I shook my head, my hair pulling with the movement.
“I won’t. Even if I could.” I’d die first.
“Oh, you can,” he said. Dark light reflected in his pupils, and his mouth twisted into a cruel smile. Nothing sane looked out at me from those eyes. He leaned closer.
“You can. And you will.”
Coleman released my hair, shoving me back to the ground. Then he held up a hand and ripped a hole in space. A gray-cloaked shadow stepped through the opening. “Don’t let her interfere,” he told the cloaked figure.
“It’s her,” Roy whispered.
I looked up as the specter of a woman approached.
She held up a dull hand, and I could feel the static of magic crackling around her skin. I swallowed. The Shadow Girl.
“Teddy, what’s going on?” Casey jerked against her restraints. “Let me up. Let me go.”
Coleman ignored her. He pulled a curved blade from a bag beside the bed. No! I struggled to my feet. The Shadow Girl stepped forward. She pressed two fingers against my forehead, and pain laced through my body.
My muscles turned to jelly. I collapsed. The air rushed out of me. Drawing in more air was hard, requiring more strength than I possessed.
Coleman looked up. “It’s time. Open the gate.”

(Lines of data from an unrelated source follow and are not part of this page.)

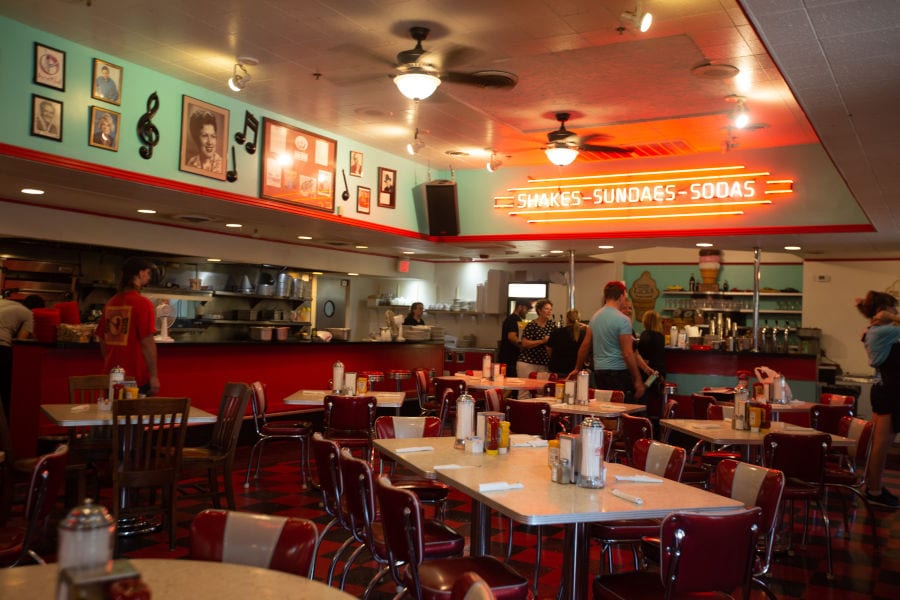 interior of Mel's Diner with neon signs on the walls and classic seating for guests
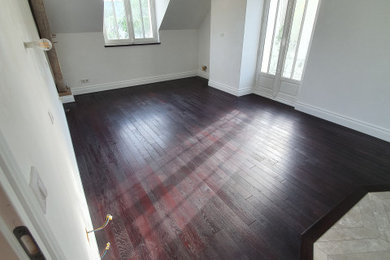 ルアーブルにある広いトランジショナルスタイルのおしゃれな主寝室 (白い壁、濃色無垢フローリング、暖炉なし、赤い床)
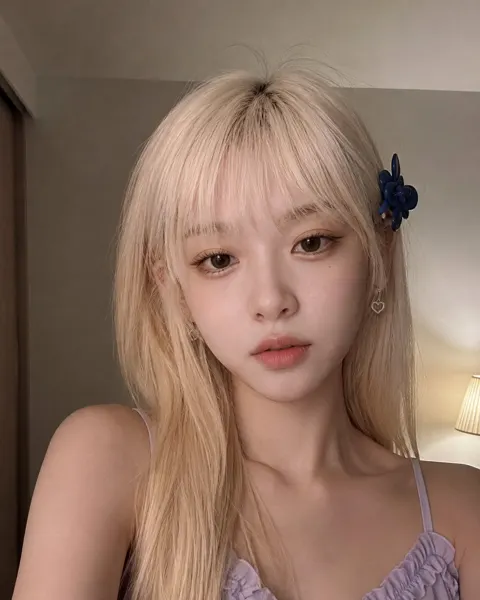 Young woman bedroom selfie blonde lavender top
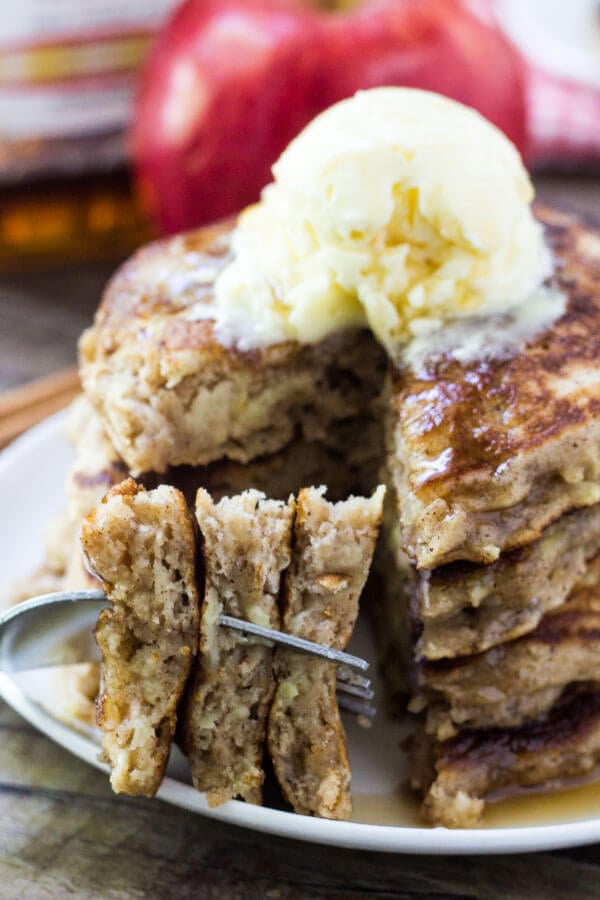 Bite of apple pancakes on a fork with stack of pancakes in the background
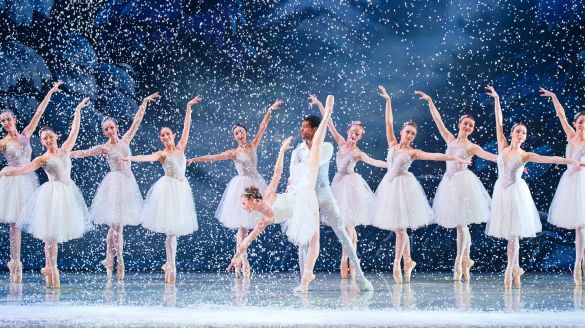 A vibrant scene from the Ballet Chicao's Nutcracker, showcasing dancers in elegant costumes amidst a magical winter backdrop. Snow is falling onstage as ballerinas pose on pointe. The Snow King and Queen are center stage.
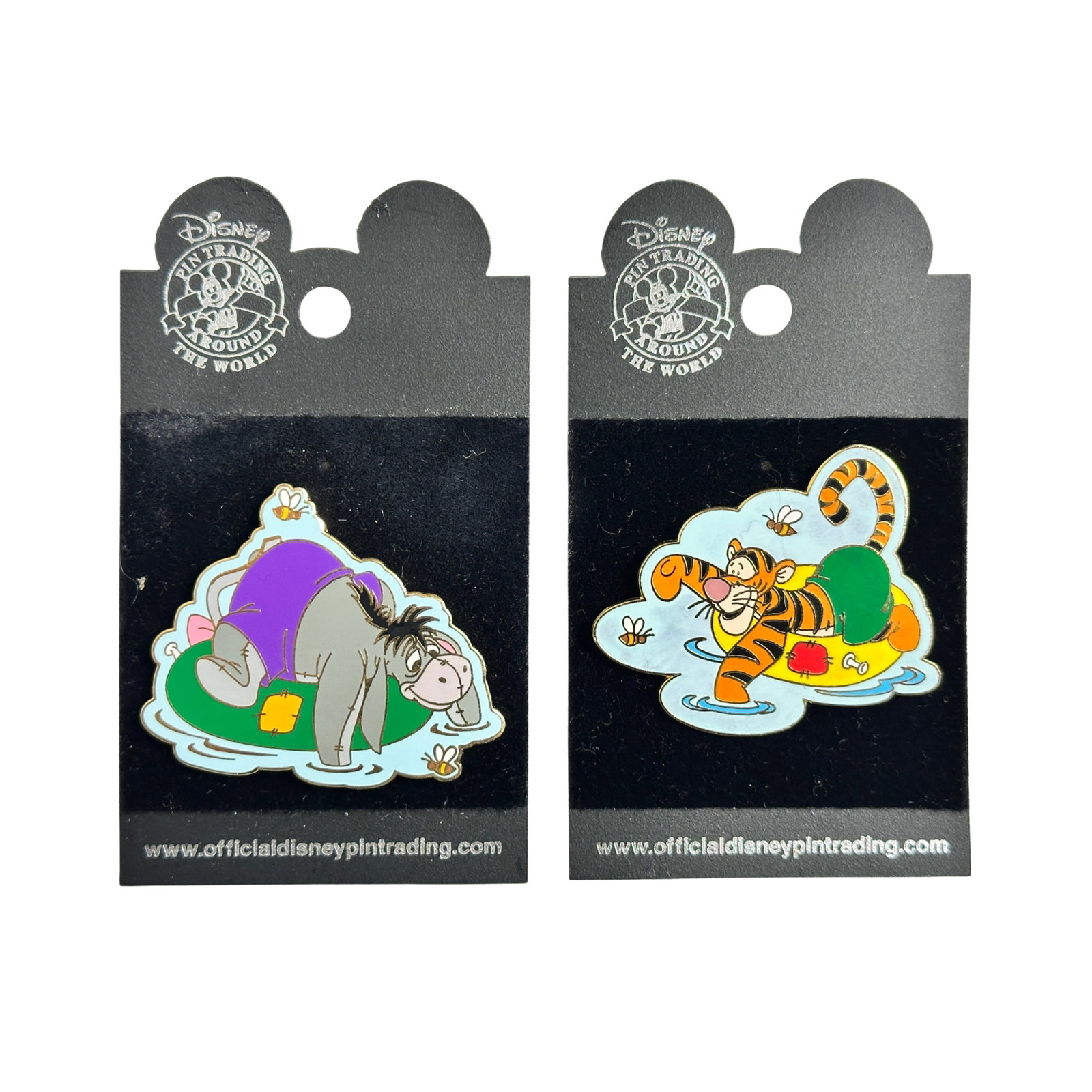 Disney WDW Winnie the Pooh & Friends Inner Tube Series Eeyore & Tigger Pin Lot Of 2: Disney WDW Winnie the Pooh & Friends Inner Tube Series Eeyore & Tigger Pin Lot Of 2. The first pin features features Eeyore, wearing purple trunks inside a green inner tube in the water wading around 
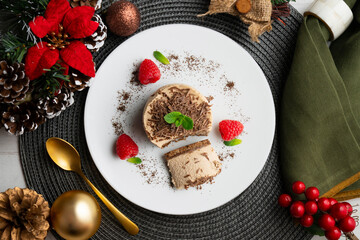 Chocolate and coffee mousse tartlets. Top view table with christmas decorations.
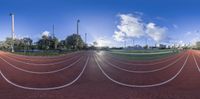 a 3d rendering image of a track with poles and lighting poles surrounding it and the sky in the background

The Shadow Girl nodded. She lifted her hands, and magic leaked over my skin, wrapped around me. Sinister strings slithered across my throat, my chest, threatening to crush me. I couldn’t imagine anyone channeling so much magic, but it poured out of her, through her.
Darkness crawled over the ceiling above us. Then the darkness split like a rift. The night sky appeared. The moon, full and closer than I’d ever seen, hung directly over the room. The shadow of the eclipse bled over one side. The Blood Moon.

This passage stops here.